Science History Institute

Electrosonic engineered, installed and programmed a video wall solution to replace the old media column at Science History Institute. Eight HD displays placed vertically along an interior structural column in portrait orientation comprise the video wall. The company also replaced the dated technology at the AV rack with the latest hardware for media players, video scaling and user interface control. On this project, Electrosonic worked closely with Potion Design, whom produced the custom media column video that displays facts and history from the scientific world.

Another element of the work was programming the media column with a scheduler to turn on and off automatically during business hours, which is helpful because there is less interaction necessary from the staff on a daily basis. The user interface is also programmed communication indicators for troubleshooting, and discrete control buttons to override the system which provides flexibility when changing the typical system operation.

The resulting experience presents parallels between science and art. Additionally, Electrosonic developed an object explorer that gives guests a hands-on experience. Guests get to see innovations and gain a better understanding of how they continue to shape our lives and society.

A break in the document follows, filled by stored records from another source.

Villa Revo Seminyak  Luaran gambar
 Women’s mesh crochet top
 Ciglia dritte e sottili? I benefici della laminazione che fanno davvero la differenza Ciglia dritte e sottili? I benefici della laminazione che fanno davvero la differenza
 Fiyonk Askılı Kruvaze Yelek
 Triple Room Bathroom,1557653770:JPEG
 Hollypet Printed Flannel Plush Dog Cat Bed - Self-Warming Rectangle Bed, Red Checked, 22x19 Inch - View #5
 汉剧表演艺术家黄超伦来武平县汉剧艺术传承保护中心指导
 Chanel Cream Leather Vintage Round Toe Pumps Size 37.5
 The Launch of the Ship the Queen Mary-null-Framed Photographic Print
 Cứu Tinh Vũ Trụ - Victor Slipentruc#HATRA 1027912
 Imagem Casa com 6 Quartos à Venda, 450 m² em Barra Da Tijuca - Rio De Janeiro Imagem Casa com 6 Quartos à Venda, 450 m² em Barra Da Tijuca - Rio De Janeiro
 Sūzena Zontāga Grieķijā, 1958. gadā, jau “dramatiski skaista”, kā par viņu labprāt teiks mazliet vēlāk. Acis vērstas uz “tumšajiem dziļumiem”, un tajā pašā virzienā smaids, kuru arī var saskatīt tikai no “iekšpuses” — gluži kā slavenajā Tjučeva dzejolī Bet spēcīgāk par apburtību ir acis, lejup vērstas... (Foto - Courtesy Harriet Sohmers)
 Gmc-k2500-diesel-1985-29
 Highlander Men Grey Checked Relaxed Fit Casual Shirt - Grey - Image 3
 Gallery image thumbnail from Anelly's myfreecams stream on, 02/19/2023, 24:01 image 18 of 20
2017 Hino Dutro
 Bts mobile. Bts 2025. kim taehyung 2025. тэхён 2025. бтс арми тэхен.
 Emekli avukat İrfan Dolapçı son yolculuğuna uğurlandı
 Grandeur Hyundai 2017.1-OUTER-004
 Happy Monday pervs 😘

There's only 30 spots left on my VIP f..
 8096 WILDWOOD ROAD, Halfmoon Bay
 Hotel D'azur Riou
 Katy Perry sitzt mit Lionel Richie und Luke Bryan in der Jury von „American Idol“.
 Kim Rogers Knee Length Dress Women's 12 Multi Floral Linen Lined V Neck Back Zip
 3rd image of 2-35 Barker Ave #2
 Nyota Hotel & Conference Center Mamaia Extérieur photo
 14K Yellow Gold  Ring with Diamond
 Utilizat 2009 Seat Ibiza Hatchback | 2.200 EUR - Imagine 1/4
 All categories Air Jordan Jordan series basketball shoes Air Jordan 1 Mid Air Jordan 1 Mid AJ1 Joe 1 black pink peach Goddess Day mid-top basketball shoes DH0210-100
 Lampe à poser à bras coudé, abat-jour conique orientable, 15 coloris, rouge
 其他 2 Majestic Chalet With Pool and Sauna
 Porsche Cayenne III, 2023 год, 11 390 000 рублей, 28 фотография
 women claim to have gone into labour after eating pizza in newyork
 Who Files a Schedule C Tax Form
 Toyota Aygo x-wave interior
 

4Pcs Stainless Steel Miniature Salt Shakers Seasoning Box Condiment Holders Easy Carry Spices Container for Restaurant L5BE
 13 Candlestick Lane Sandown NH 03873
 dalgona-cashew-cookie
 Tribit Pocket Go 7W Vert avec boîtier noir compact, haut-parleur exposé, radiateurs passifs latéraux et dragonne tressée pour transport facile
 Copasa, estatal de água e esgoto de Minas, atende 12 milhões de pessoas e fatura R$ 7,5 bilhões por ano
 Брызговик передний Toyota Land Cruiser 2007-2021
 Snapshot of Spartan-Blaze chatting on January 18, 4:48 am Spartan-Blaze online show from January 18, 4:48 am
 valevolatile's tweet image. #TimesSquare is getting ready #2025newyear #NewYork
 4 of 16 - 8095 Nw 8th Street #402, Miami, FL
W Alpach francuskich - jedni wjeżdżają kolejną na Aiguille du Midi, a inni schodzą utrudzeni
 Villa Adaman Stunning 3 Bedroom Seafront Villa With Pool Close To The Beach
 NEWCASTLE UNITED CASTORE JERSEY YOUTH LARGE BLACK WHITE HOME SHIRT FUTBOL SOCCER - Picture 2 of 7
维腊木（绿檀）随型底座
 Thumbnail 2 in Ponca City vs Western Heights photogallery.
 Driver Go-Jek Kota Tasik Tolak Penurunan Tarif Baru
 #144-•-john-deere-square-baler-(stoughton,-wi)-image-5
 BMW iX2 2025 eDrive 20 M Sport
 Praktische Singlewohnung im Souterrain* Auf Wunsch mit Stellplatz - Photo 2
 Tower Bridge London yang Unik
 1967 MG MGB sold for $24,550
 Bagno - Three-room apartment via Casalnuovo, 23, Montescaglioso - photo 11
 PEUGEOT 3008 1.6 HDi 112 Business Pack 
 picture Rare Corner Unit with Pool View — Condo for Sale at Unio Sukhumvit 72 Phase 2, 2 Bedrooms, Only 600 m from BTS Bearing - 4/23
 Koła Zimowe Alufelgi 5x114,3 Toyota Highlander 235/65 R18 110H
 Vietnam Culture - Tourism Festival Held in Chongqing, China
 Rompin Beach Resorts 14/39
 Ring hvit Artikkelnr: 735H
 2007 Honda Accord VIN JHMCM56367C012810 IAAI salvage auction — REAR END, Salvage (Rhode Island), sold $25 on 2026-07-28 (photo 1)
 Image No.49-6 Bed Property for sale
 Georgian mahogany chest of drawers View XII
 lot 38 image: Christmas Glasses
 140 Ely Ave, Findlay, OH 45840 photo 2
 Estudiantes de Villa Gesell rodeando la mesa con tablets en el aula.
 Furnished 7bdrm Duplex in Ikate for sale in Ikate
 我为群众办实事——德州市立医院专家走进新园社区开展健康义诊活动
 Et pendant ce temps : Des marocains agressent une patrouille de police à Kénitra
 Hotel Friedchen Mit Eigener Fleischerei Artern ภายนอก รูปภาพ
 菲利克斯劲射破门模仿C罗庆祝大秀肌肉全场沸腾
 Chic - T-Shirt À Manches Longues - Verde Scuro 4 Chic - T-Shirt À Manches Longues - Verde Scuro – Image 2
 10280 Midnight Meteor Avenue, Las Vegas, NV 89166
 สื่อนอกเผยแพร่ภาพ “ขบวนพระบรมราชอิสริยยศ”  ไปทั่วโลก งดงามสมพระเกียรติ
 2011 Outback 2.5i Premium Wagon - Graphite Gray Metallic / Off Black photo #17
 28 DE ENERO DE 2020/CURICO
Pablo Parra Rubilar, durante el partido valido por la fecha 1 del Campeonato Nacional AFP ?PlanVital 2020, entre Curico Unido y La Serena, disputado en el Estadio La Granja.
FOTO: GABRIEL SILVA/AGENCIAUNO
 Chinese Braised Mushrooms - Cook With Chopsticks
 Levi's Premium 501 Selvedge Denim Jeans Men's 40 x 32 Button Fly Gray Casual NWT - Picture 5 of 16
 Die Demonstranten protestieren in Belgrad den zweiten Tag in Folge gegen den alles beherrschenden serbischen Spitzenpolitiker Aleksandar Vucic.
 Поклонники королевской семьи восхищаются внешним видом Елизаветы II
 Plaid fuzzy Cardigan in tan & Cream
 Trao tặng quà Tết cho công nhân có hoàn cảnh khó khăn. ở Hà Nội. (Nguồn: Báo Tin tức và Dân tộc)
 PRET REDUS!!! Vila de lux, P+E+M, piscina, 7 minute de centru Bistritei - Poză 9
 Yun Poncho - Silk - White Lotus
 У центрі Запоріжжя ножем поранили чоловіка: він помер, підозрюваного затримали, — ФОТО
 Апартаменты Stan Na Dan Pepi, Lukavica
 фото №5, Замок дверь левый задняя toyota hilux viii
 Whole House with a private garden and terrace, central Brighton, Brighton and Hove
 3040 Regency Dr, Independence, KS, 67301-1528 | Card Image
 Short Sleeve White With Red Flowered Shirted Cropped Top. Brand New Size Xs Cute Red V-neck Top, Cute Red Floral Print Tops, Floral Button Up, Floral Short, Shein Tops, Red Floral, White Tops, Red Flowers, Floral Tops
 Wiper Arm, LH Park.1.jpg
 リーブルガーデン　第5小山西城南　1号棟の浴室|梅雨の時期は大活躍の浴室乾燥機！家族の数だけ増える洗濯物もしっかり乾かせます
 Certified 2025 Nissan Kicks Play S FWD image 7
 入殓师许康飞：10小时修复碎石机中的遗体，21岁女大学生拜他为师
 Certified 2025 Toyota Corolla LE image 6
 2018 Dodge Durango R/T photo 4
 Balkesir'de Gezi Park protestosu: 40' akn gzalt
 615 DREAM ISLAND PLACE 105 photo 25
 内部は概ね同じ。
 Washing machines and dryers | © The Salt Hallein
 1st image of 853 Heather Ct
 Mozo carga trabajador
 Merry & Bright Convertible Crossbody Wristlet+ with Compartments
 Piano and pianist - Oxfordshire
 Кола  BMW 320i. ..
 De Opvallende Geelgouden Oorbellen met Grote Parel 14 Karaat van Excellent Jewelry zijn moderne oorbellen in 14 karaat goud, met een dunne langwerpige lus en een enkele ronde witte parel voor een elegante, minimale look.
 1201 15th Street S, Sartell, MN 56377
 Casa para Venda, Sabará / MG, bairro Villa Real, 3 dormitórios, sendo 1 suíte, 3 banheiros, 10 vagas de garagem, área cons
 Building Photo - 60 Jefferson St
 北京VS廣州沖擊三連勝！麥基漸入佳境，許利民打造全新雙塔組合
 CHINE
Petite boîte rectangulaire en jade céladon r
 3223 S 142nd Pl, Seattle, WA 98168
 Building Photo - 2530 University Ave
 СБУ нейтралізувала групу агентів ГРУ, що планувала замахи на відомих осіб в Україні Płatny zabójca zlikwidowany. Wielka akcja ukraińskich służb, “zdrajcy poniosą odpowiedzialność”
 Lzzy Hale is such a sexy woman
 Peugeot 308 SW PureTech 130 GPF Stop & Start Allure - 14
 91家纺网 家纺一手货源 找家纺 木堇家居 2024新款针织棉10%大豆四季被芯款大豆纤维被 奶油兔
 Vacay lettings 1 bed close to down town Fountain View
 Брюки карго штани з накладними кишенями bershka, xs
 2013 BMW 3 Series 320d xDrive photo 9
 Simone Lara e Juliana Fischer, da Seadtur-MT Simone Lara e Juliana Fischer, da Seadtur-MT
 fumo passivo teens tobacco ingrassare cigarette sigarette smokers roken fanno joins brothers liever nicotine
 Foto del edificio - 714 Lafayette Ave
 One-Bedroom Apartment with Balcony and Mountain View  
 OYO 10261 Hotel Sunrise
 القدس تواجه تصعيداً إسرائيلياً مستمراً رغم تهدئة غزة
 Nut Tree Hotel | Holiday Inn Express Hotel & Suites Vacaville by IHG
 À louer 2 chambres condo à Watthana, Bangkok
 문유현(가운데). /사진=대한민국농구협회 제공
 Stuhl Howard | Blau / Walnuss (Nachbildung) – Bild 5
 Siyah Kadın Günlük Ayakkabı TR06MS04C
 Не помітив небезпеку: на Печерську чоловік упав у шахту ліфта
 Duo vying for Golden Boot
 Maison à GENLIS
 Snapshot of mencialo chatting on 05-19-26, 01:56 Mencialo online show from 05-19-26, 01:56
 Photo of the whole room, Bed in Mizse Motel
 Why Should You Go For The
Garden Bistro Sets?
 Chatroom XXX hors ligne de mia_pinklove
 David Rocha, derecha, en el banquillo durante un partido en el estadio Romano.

National World War I Museum

Electrosonic has been the National World War I Museum’s audio-visual partner since it opened over a decade ago. This partnership ensures that all the museum’s displays bring the conflict to life for visitors, leveraging the latest technology. There are numerous interactive displays enabling visitors to experience the conflict in a ‘hands on’ fashion, such as handling a Lewis machine gun, stand in a re-enactment of a WWI trench and how to make their own poster.

Work on the site’s centrepiece Horizon Theater was also undertaken by Electrosonic. Placing guests into the trenches linking them to the horrors that soldiers had to deal with during the world’s first truly global conflict. A film in Horizon Theater explains the events that led to America entering the war. A “No Man’s Land” is replicated in the theatre, incorporating a British patrol across a barren landscape littered with authentic objects.

Sheikh Abdullah Al Salam Cultural Centre

The Sheikh Abdullah Al Salam Cultural Centre, or SAASCC, consists of six main components: The Natural History Museum, Science Museum, Space Museum, Arabic Islamic Science Museum, Fine Arts Centre and the external spaces known as the Public Realm. Situated on an 18-hectare site, SAASCC is the world’s largest museum complex.

Electrosonic installed over 250 exhibits including a 20-seater spherical dark ride theatre, with a 6-metre immersive screen and 4D full motion seating, part of the human body experience to adventure through the human body.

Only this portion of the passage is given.